### What you will do
For this exercise, copy all the data exactly and include none of the pictures.

### Dataset content

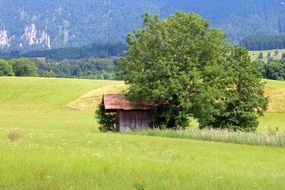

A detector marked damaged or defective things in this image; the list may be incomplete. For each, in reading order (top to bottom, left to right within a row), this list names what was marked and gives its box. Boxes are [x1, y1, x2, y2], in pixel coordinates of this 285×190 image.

rusty red metal roof [102, 94, 151, 110]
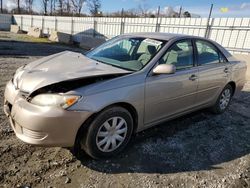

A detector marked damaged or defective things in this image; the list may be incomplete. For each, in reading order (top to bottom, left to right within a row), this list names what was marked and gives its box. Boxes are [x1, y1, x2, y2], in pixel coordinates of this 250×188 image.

crumpled hood [17, 51, 131, 93]
damaged front bumper [3, 80, 92, 148]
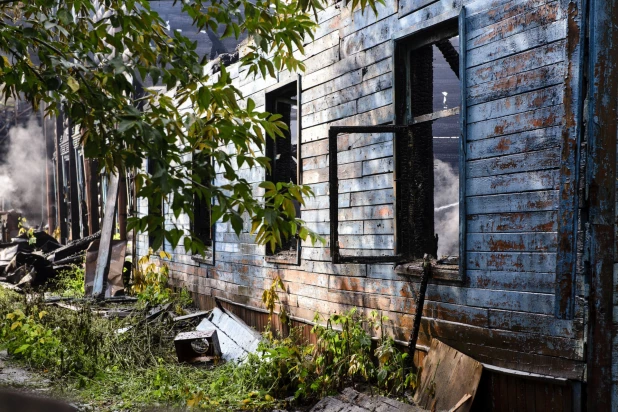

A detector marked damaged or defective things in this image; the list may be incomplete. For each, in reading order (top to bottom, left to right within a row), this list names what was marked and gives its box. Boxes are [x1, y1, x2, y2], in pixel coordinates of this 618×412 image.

burnt wooden beam [92, 172, 119, 300]
charred window frame [189, 150, 215, 264]
charred window frame [262, 77, 300, 264]
broken window [264, 79, 300, 264]
burnt wall section [137, 0, 584, 390]
burned wooden building [130, 0, 612, 408]
charred window frame [328, 11, 462, 282]
burnt wooden beam [434, 37, 458, 79]
burnt wooden beam [552, 0, 584, 320]
burnt wooden beam [584, 0, 612, 408]
broken board on ground [196, 306, 262, 360]
broken board on ground [412, 340, 484, 410]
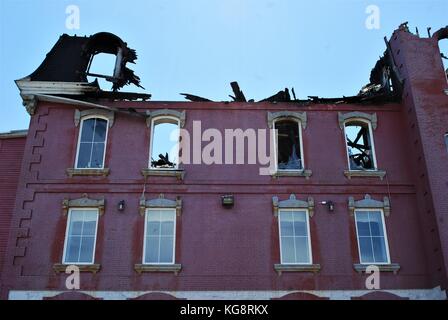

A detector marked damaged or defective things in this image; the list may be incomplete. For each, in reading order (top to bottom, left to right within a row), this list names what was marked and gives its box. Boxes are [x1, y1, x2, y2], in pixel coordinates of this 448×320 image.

charred debris [15, 24, 446, 115]
broken window [75, 116, 109, 169]
broken window [150, 117, 179, 168]
broken window [274, 119, 302, 171]
broken window [344, 120, 376, 170]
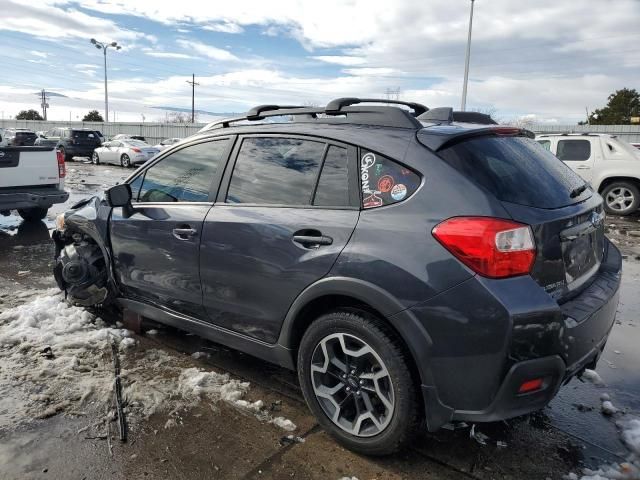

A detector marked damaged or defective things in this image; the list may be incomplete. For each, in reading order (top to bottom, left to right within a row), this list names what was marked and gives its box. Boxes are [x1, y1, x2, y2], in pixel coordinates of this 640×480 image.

exposed wheel well [596, 176, 640, 193]
damaged subaru crosstrek [52, 97, 624, 454]
exposed wheel well [290, 294, 424, 406]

### Answer to this exercise
A detector marked damaged or defective things in this image; the list may be incomplete. For each, in reading order (top to bottom, left to right within a row), this list names what was marked and gives its box. Boxes are [x1, y1, x2, y2], in pixel coordinates of this 285×190 image.

rusty red metal roof [102, 94, 151, 110]

A detector marked damaged or defective things in this image; the list may be incomplete. For each, in reading order (top to bottom, left to right within a row), this list names what was marked and gives its box. Boxes are [x1, y1, x2, y2], in pixel coordinates of this 250×188 image.

crumpled hood [17, 51, 131, 93]
damaged front bumper [3, 80, 92, 148]

A detector marked damaged or defective things in this image; the list may be incomplete. For each, in reading order (top to bottom, left to right within a row), this list names what was marked and gives its box. Boxes are [x1, y1, x2, y2], in pixel coordinates of this 618×412 image.

burnt wooden beam [92, 172, 119, 300]
charred window frame [189, 150, 215, 264]
charred window frame [262, 77, 300, 264]
broken window [264, 79, 300, 264]
burnt wall section [137, 0, 584, 390]
burned wooden building [130, 0, 612, 408]
charred window frame [328, 11, 462, 282]
burnt wooden beam [434, 37, 458, 79]
burnt wooden beam [552, 0, 584, 320]
burnt wooden beam [584, 0, 612, 408]
broken board on ground [196, 306, 262, 360]
broken board on ground [412, 340, 484, 410]

A detector marked damaged or defective things in this image; the list may be incomplete. For each, in reading order (top to bottom, left to right within a row), this list names what was marked and gives its box. Boxes are [x1, y1, x2, y2], in pixel coordinates of this 448×320 image.

charred debris [15, 24, 446, 115]
broken window [75, 116, 109, 169]
broken window [150, 117, 179, 168]
broken window [274, 119, 302, 171]
broken window [344, 120, 376, 170]

A detector marked damaged or defective things in this image; the list may be incomplete. For each, in reading order (top to bottom, left to right within a row), this list names what was marked and gives its box. Boxes are [x1, y1, x2, y2], in pixel coordinates of this 640×480 image.

exposed wheel well [596, 176, 640, 193]
damaged subaru crosstrek [52, 97, 624, 454]
exposed wheel well [290, 294, 424, 406]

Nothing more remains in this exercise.